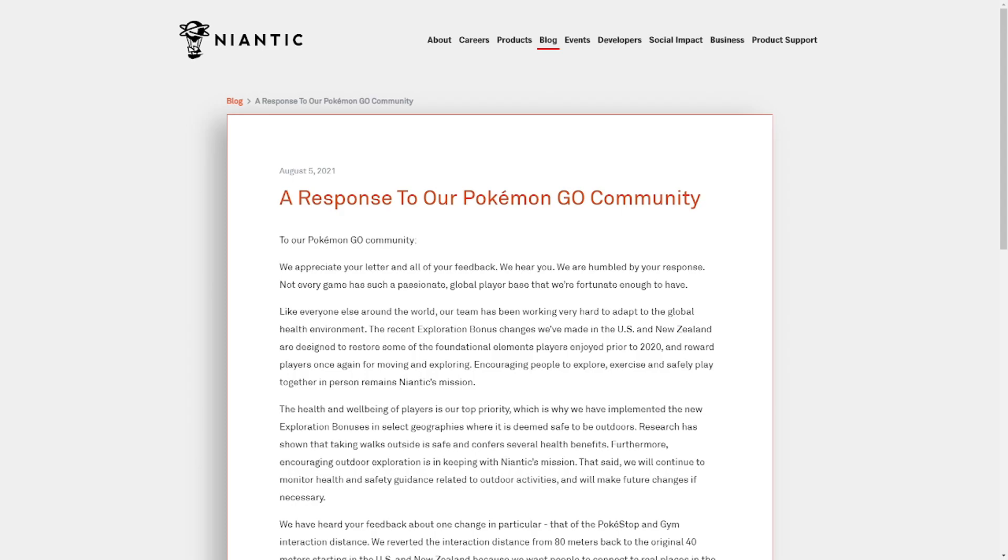And that caused an uproar in the community, with nearly 200,000 people signing a petition and of course constantly trending on Twitter.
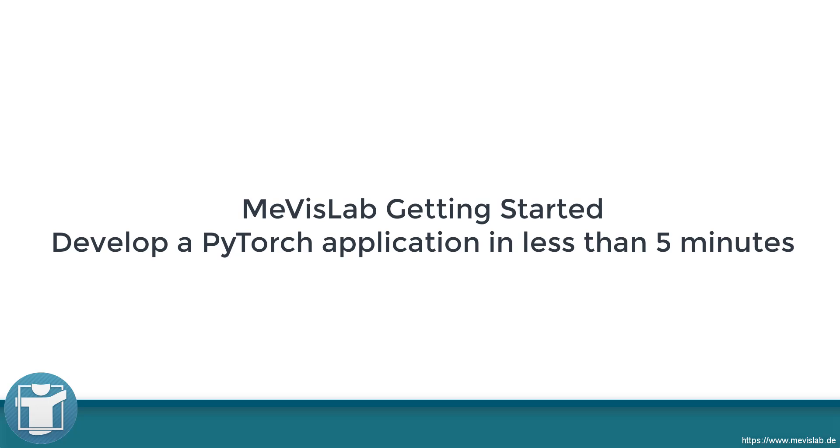In this video, we are developing a simple MevisLab application applying a pre-trained PyTorch ResNet AI model in less than 5 minutes.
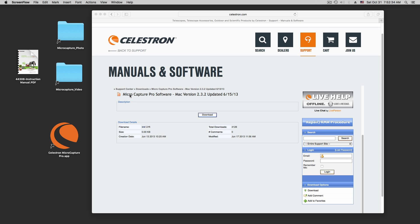I am on the Celestron website here. I have MicroCapturePro software, version 232. Last update in 2013.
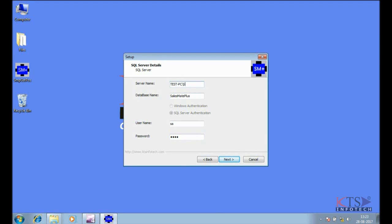Type server name. Select the address. Select Mixed mode.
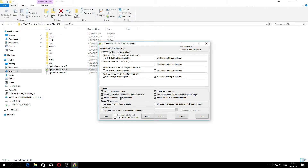This is where we select what we actually require it to download. In my case, I want it to download Windows 10 x86 and x64 — that's the 64-bit or the 32-bit version of Windows 10. But as you can see, it also supports Windows 7, Server 2008, Server 2012, Windows 8, and Server 2012 R2.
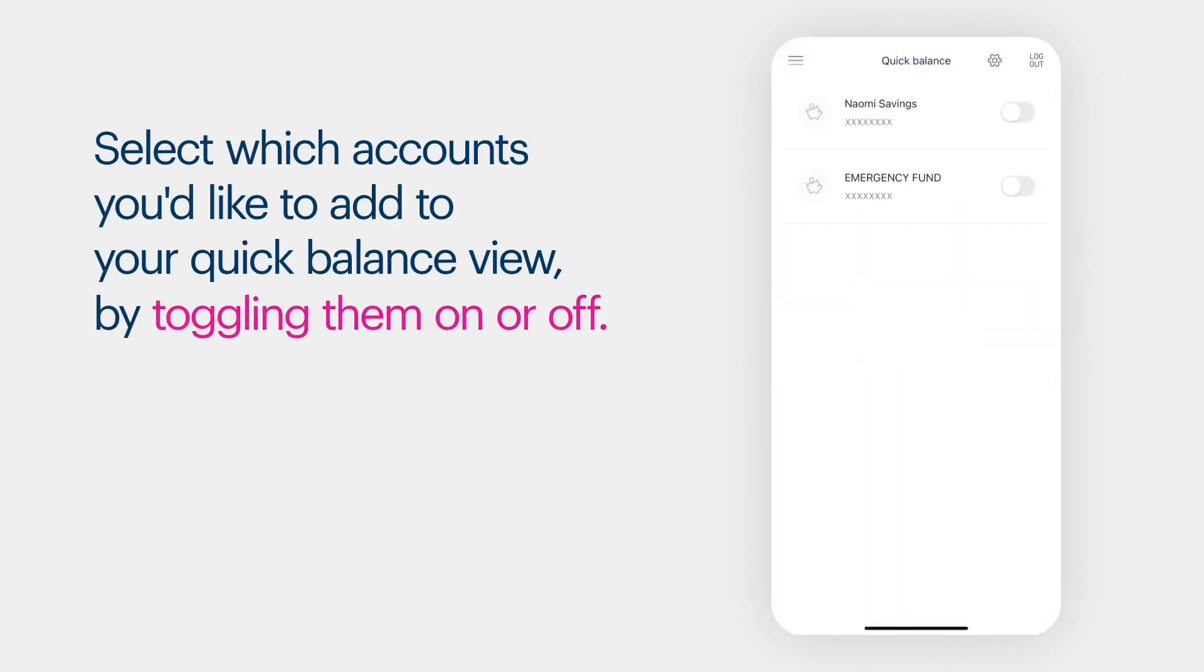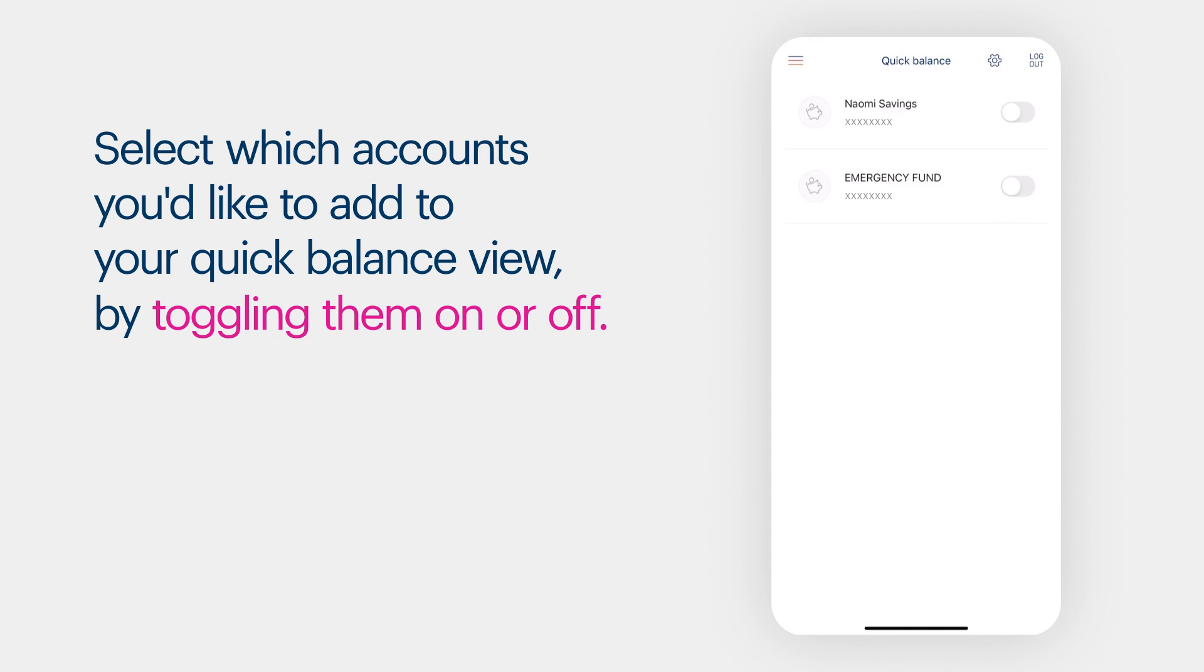Select which accounts you'd like to add to your Quick Balance View by toggling them on or off.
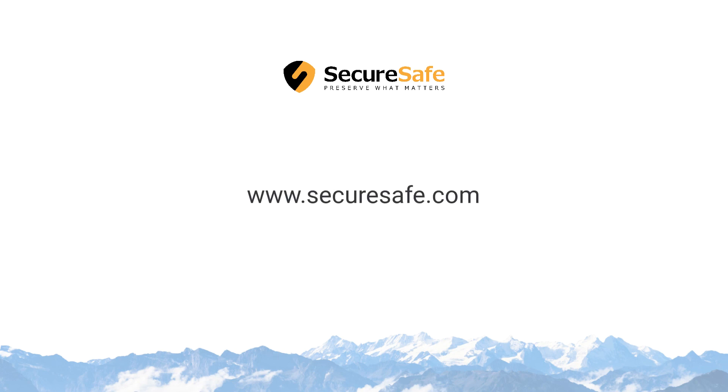That's it. Secure login made easy. For more information, visit SecureSafe.com.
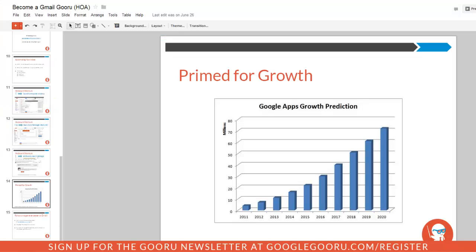Hey there, everyone, and welcome back to Google Guru. Yesterday, Google Drive announced some really exciting changes to the copy and paste functions for the various apps within Google Drive.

——————————

§ Exercise
Transcribe every line in the entries above, taking out only the images.

§ Your solution
And that caused an uproar in the community, with nearly 200,000 people signing a petition and of course constantly trending on Twitter.
In this video, we are developing a simple MevisLab application applying a pre-trained PyTorch ResNet AI model in less than 5 minutes.
I am on the Celestron website here. I have MicroCapturePro software, version 232. Last update in 2013.
Type server name. Select the address. Select Mixed mode.
This is where we select what we actually require it to download. In my case, I want it to download Windows 10 x86 and x64 — that's the 64-bit or the 32-bit version of Windows 10. But as you can see, it also supports Windows 7, Server 2008, Server 2012, Windows 8, and Server 2012 R2.
Select which accounts you'd like to add to your Quick Balance View by toggling them on or off.
That's it. Secure login made easy. For more information, visit SecureSafe.com.
Hey there, everyone, and welcome back to Google Guru. Yesterday, Google Drive announced some really exciting changes to the copy and paste functions for the various apps within Google Drive.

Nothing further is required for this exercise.